Quote the records exactly, starting at the first line and stopping after the line with "画像ギャラリー No.002のサムネイル画像 /"; skip the pictures.

Stored records →
===
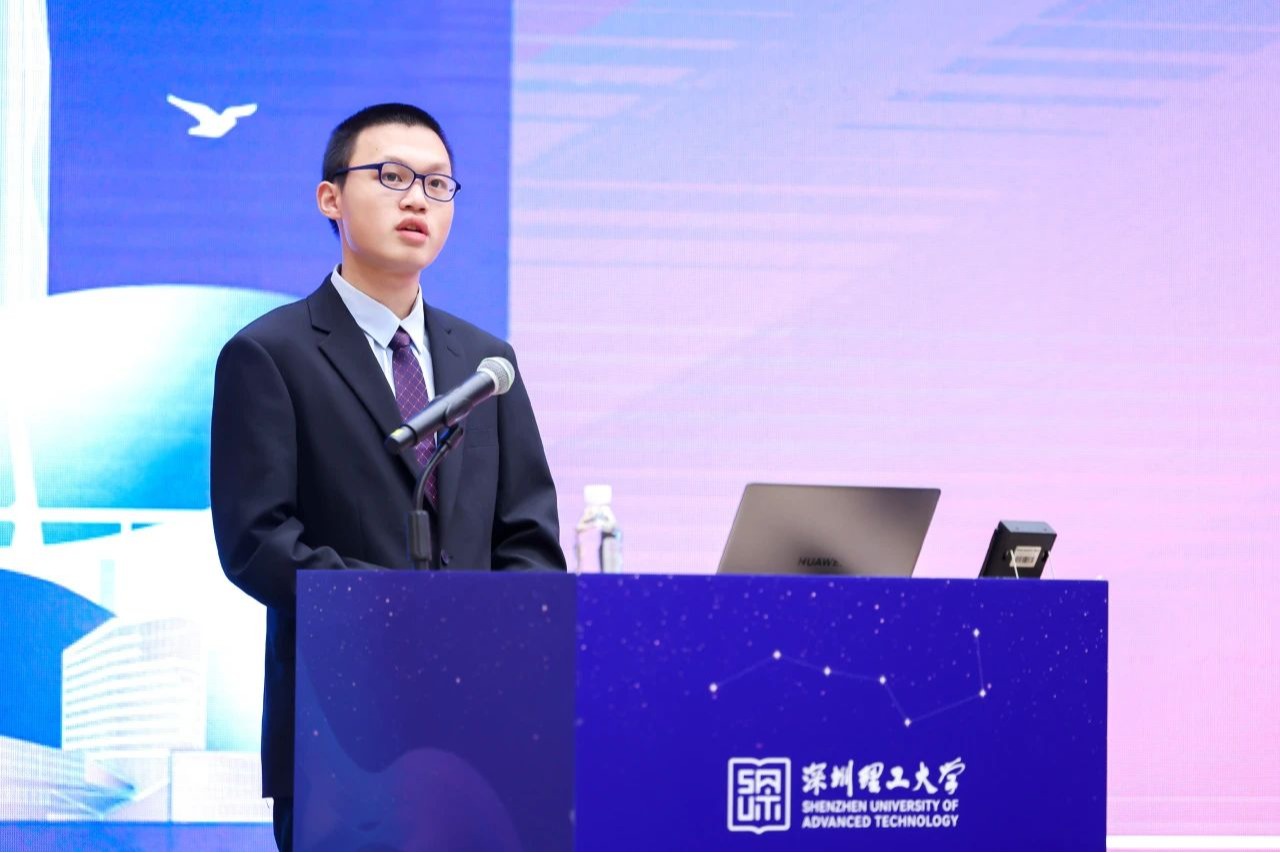 首届体育学员分享就读体验:ug环球体育“高端、全面、充实”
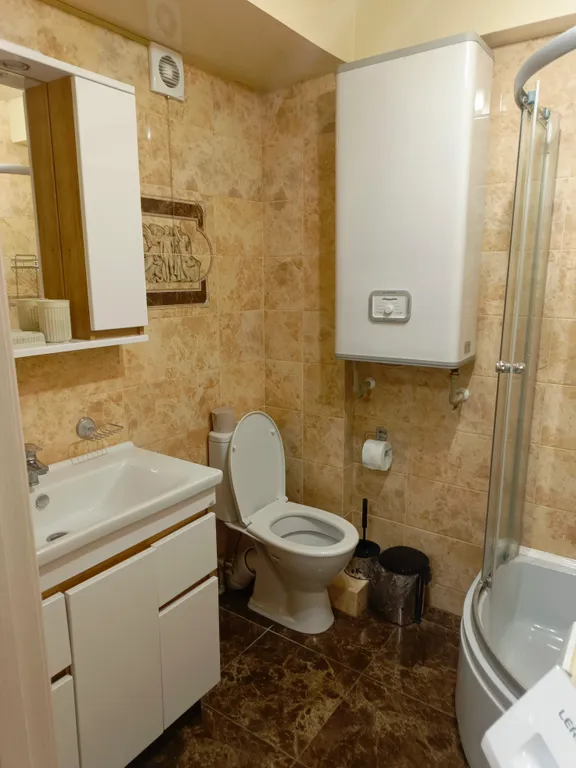 Квартира Апартаменты на берегу моря с видом на бассейн — Севастополь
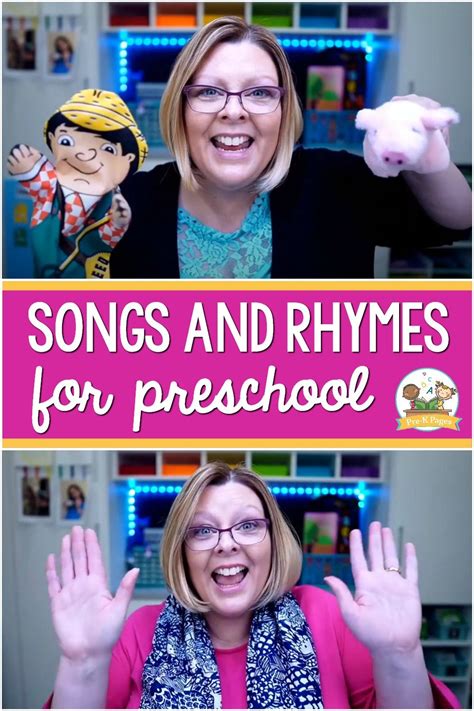 39 Fun Preschool Songs Every Kid Should Learn At School Preschool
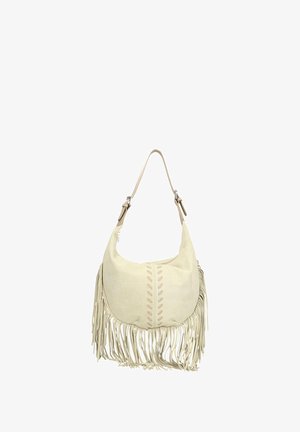 Chiara Ferretti, SHOULDER - Sac à main - beige
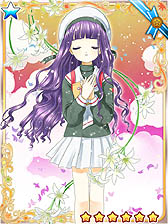 画像ギャラリー No.002のサムネイル画像 / Mobage「カードキャプターさくら」，大道寺知世のキャラクターボイス配信開始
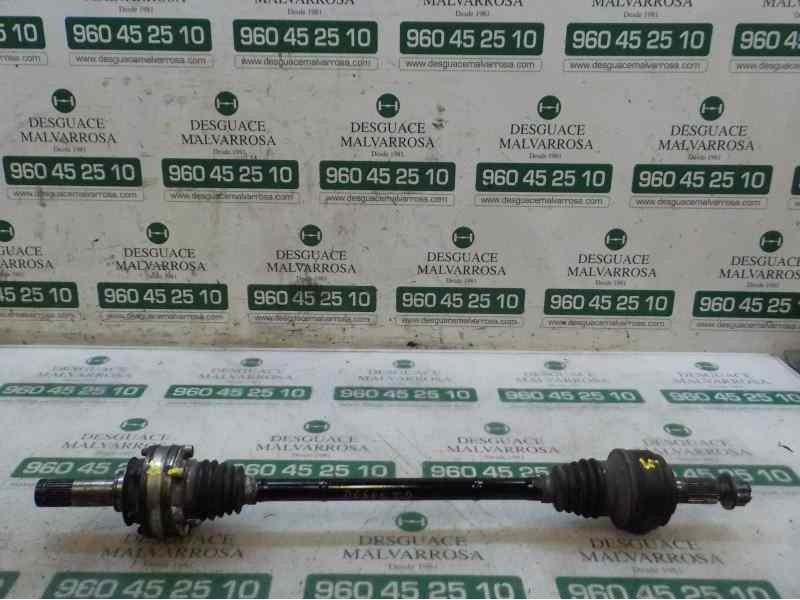 Recambio de transmision trasera derecha para volkswagen touareg (7l6) v6 tdi referencia OEM IAM 7L0501201B 7L0501201B 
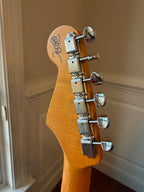 2008 Fender John Mayer Signature Stratocaster - 3 Tone Sunburst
===
Solution for this task →
 首届体育学员分享就读体验:ug环球体育“高端、全面、充实”
 Квартира Апартаменты на берегу моря с видом на бассейн — Севастополь
 39 Fun Preschool Songs Every Kid Should Learn At School Preschool
 Chiara Ferretti, SHOULDER - Sac à main - beige
 画像ギャラリー No.002のサムネイル画像 / Mobage「カードキャプターさくら」，大道寺知世のキャラクターボイス配信開始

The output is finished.